LMD TV
Airing his views on the devaluation of the Sri Lankan Rupee against the US Dollar, the Chief Executive Officer of Standard Chartered Sri Lanka Bingumal Thewarathanthri opined: “First of all, it is more of a free float and isn’t controlled. We need a different level of rationalisation – critical thinking is crucial because we cannot let our currency weaken beyond a certain point.”
“Of course, there will be benefits – controlled imports, increased worker remittances and more exports are our expectations; and at this point, we are watching and monitoring this space carefully. However, government intervention would be necessary if the rupee depreciation becomes insufferable,” he continued.
Outlining the main risks faced by banks at the time, Thewarathanthri explained that “low foreign currency reserves and the struggle to collect dollars on a day-to-day basis are the primary issues faced by banks.”
He added: “As a result, particularly nonessential import driven clients will pose a huge risk. Further, with tourism moratoriums ending, we believe that some clients will go into overdue positions and struggle to repay their loan obligations.”
“However, I believe financial institutions still have a good appetite for risk – a double digit growth of the private sector is expected but the focus will definitely shift towards exporters,” he explained.
Thewarathanthri continued: “We can clearly see banks focussing more on exporters and industries earning dollars with import led business being marginalised. Despite the many associated risks, we support the tourism industry and believe in its revival.” Speaking on inclusivity, he said: “We all play to our strengths. Banks adopt strategies that suit them best – they carefully look at gaps in the market and focus on a particular segment like the SMEs, microfinance or a specific business area…”
“Only an estimated two billion out of nearly eight billion people in this world have access to formal banking facilities. So we realised that there’s so much untapped potential and set up a Liquid Participation (LP) team to concentrate on the larger unbanked population to bring them into the finance world to harness these opportunities,” he enthused.
Thewarathanthri remarked: “Decentralised Finance (DeFi) is a great tool to expand our services – it is transparent and fair, and an efficient choice. However, financial regulators across countries behave differently, and there are complex tools such as cryptos and blockchain in the market. If there is no alignment in governance, it is difficult to reap maximum benefits. I think we will eventually streamline operations; and I do see DeFi as a huge opportunity for the SMEs.”

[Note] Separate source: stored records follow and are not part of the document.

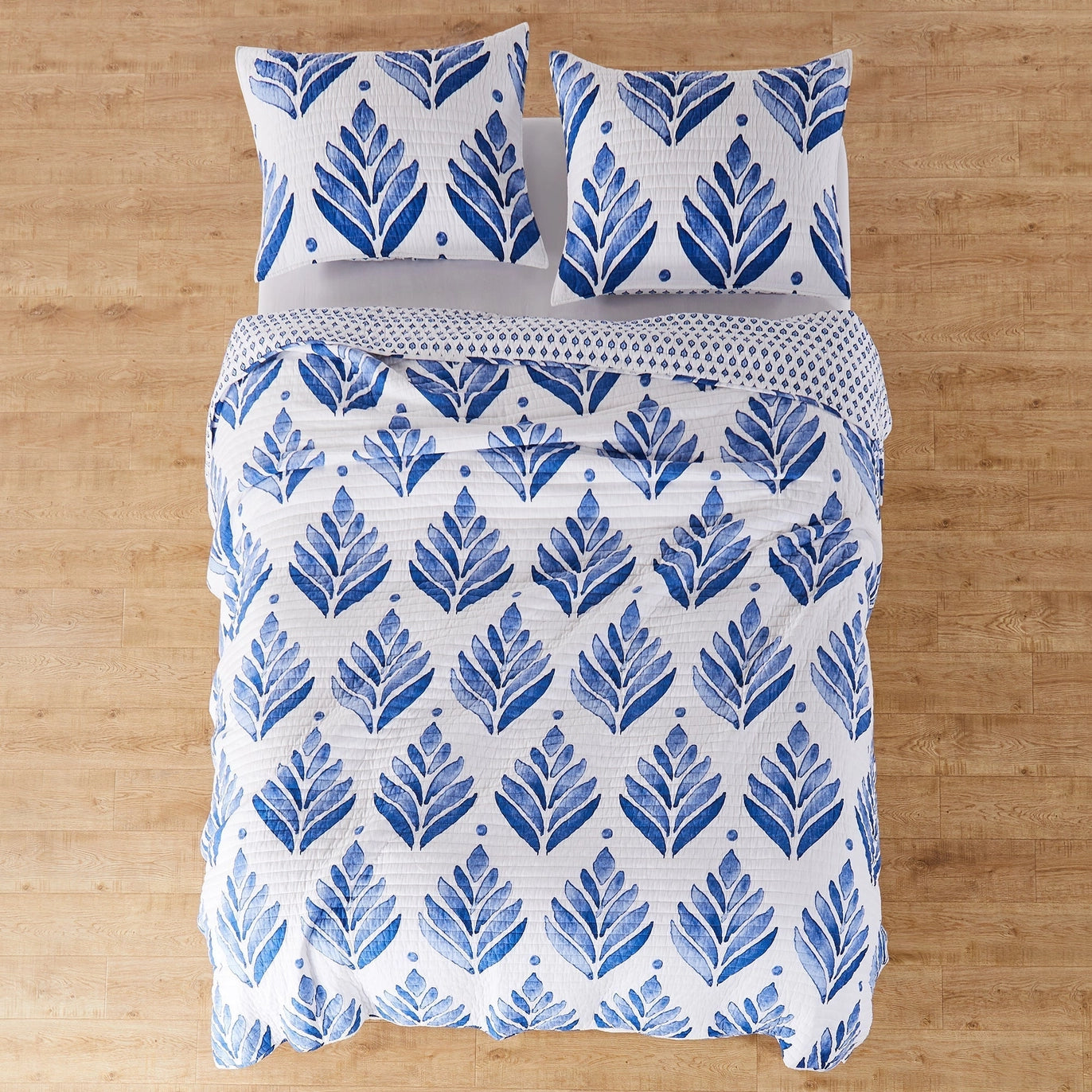 Vintage Blossom Quilt Set - Beautiful Bamboo Fans Quilt Set - Quahog Bay Bedding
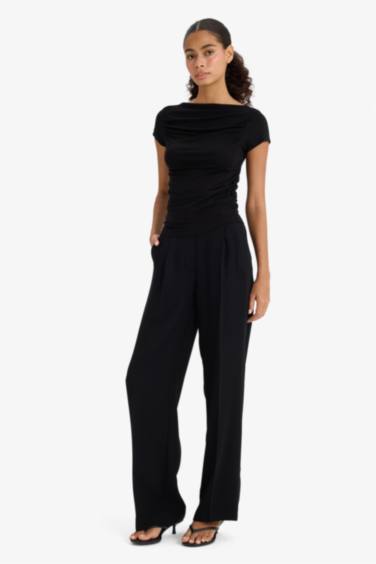 تيشيرت نص ردن سليم فيت بكتف مكشوف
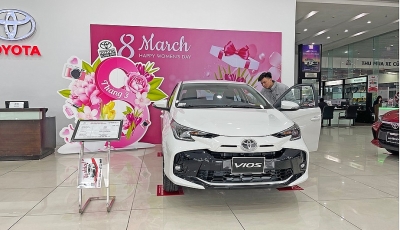 Áp lực xả ô tô tồn kho sau Tết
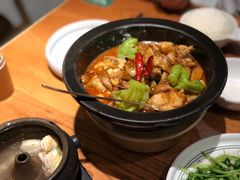 黑松露牛肝菌焖牛蛙-云海肴·汽锅鸡·云南菜(高德置地店)
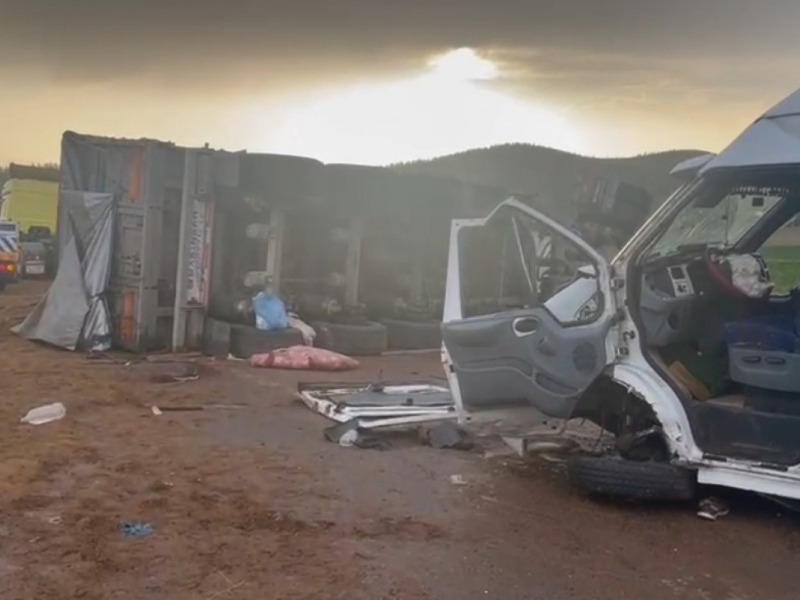 5 aracın karıştığı kazada ortalık savaş alanına döndü: 2 ölü, 20 yaralı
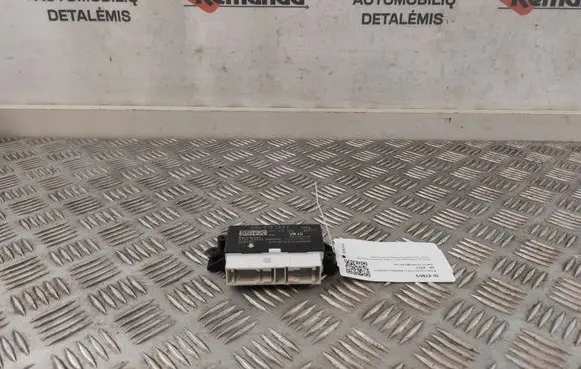 Audi TT TTS RS Mk3 8S Parking PDC control unit/module 5Q0919283F 5Q0919283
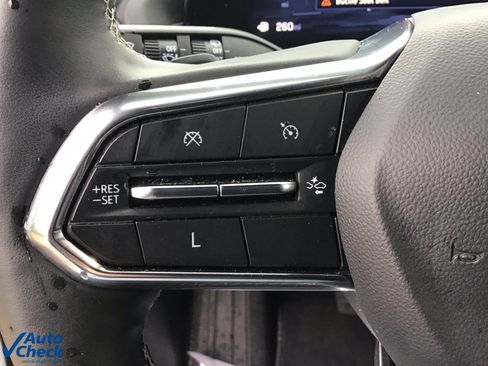 Used 2025 Chevrolet Traverse LT image 36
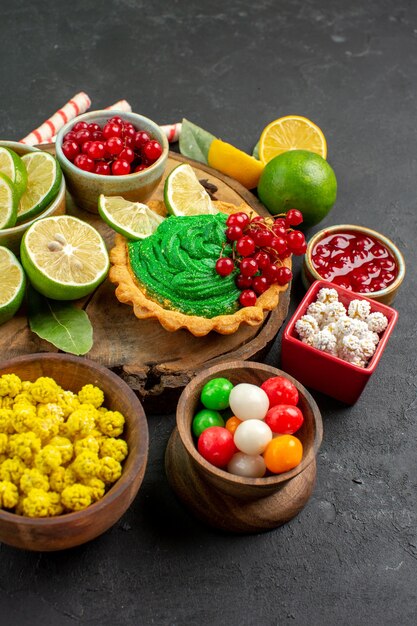 Photo gratuite vue de face délicieux gâteau crémeux aux fruits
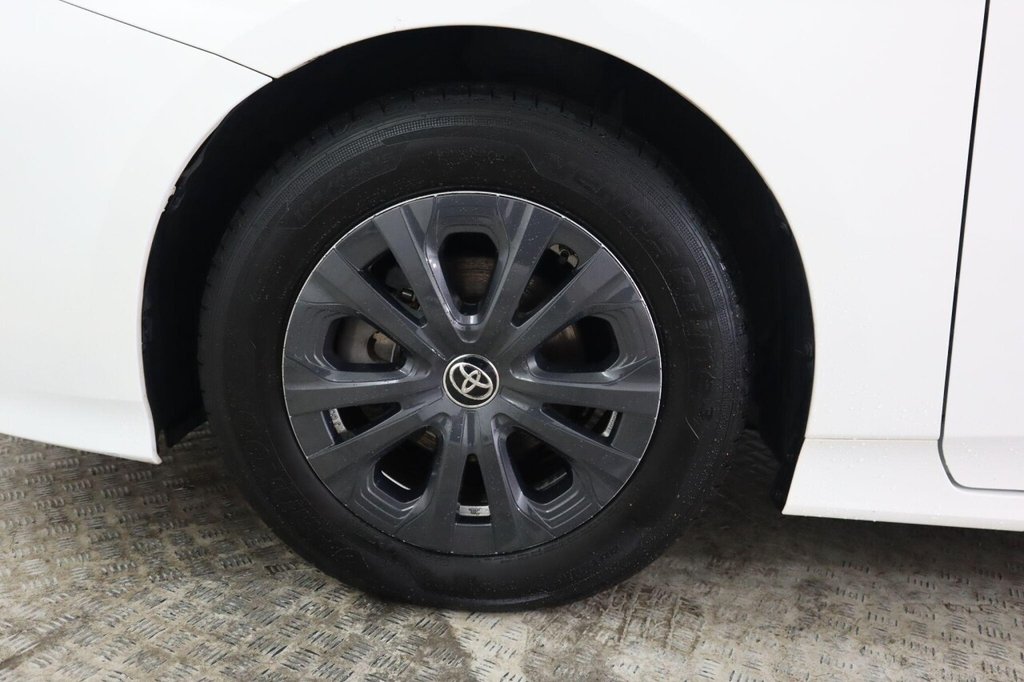 Used Toyota Prius 2021 for sale - 76439180: Photo 30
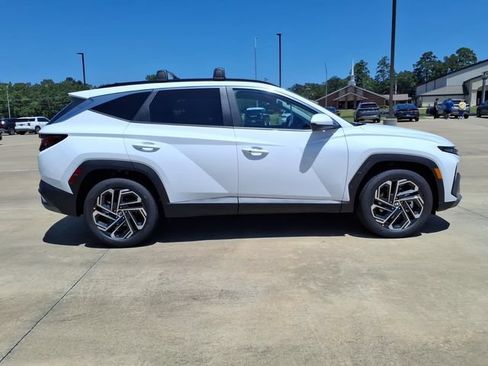 New 2026 Hyundai Tucson SEL Plus FWD image 2
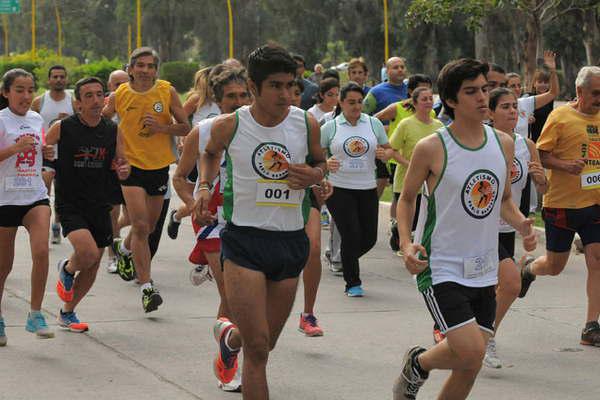 Dos aperitivos del Maratoacuten para entrar en clima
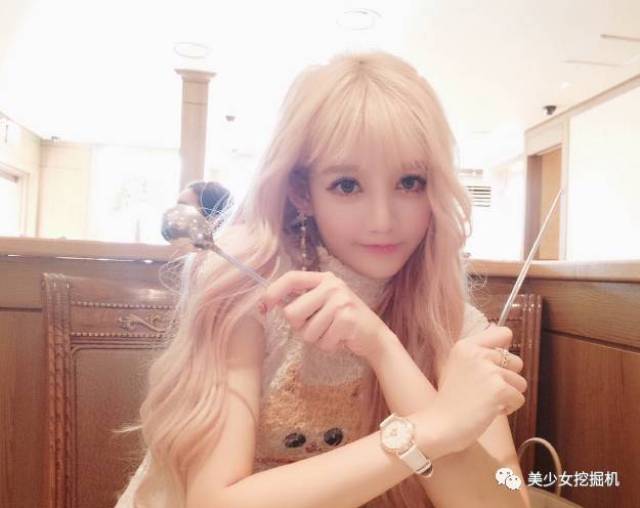 龙心少女承认过自己整形,刚开始从路人变成了蛇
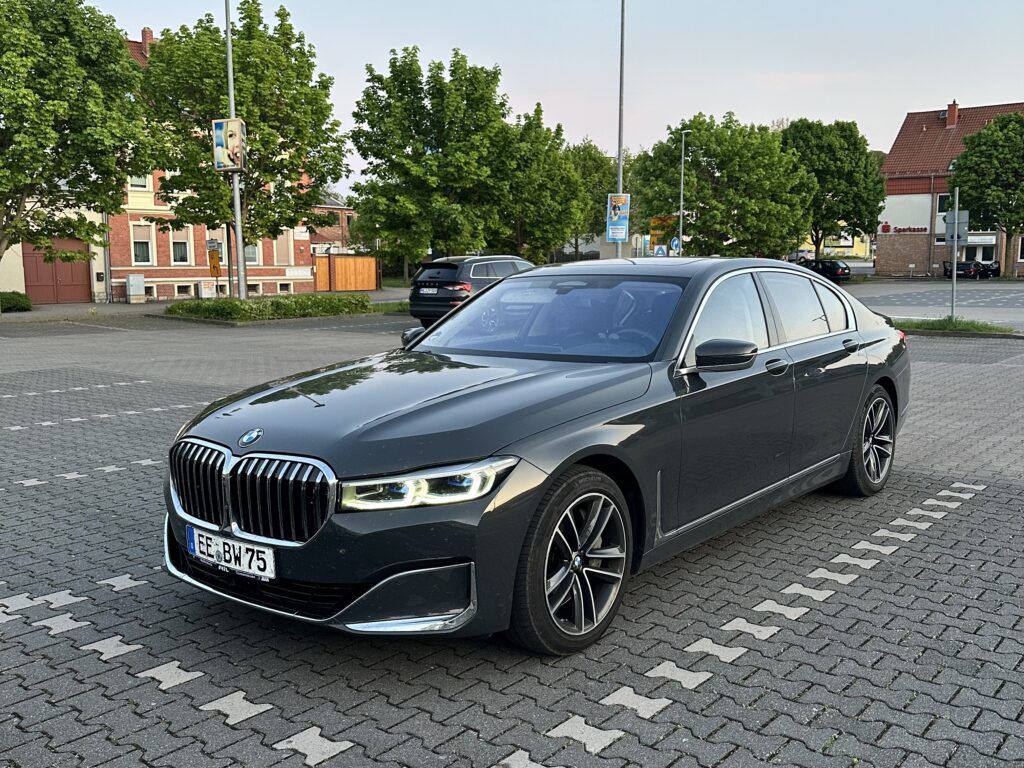 BMW 750d xDrive delivered to Germany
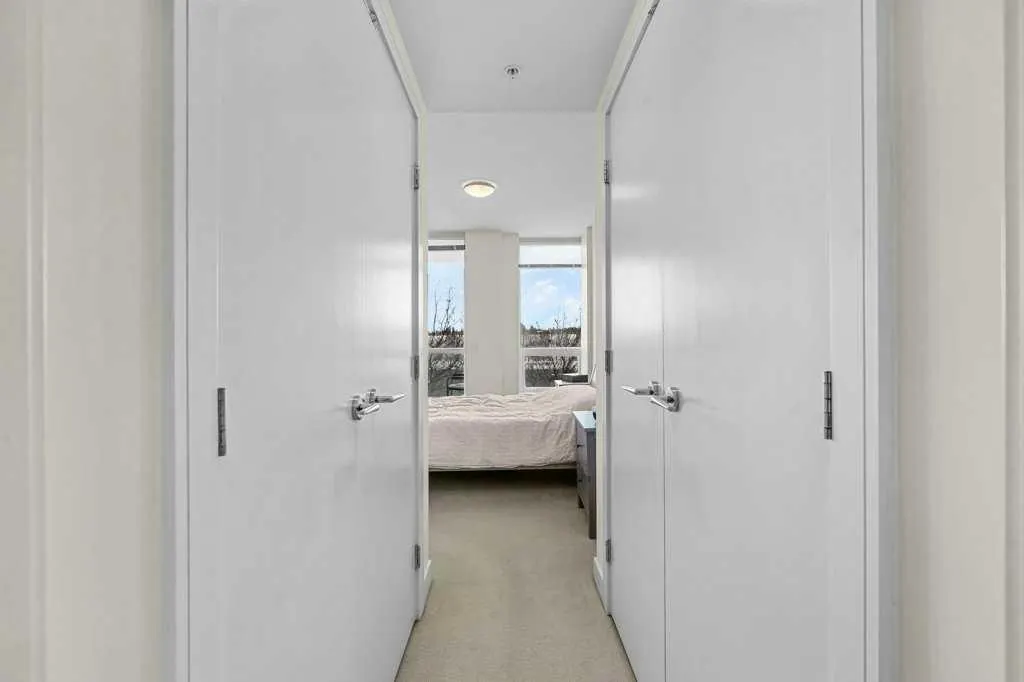 222 Riverfront Avenue SW, #812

Standard Chartered Sri Lanka has adopted well to the latest trends in commercial banking, he stated, adding: “Omni-channel is the way forward; though digitalisation reached unprecedented levels during the pandemic, research says that for complex transactions like completing a mortgage or wealth product, clients prefer physical interaction. I envision a hybrid working arrangement in future.”
“Sustainable finance is a huge opportunity – we are driving a programme throughout the organisation to achieve net zero on carbon emissions. Moving out the brown industries in our portfolio and embracing green business operations is one of the activities undertaken. The import embargoes will encourage local manufacturing, presenting us with many prospects to actively pursue a sustainability agenda,” Thewarathanthri revealed.
As for his expectations of Sri Lanka’s economic growth in the near future, he summed up: “The next 10 months will be difficult to navigate. We are still forecasting four percent growth in GDP, being cautiously optimistic. How we manage the imminent loan settlement and the entire debt restructuring, and having a consistent supply of energy and power, will determine the actual growth rate.”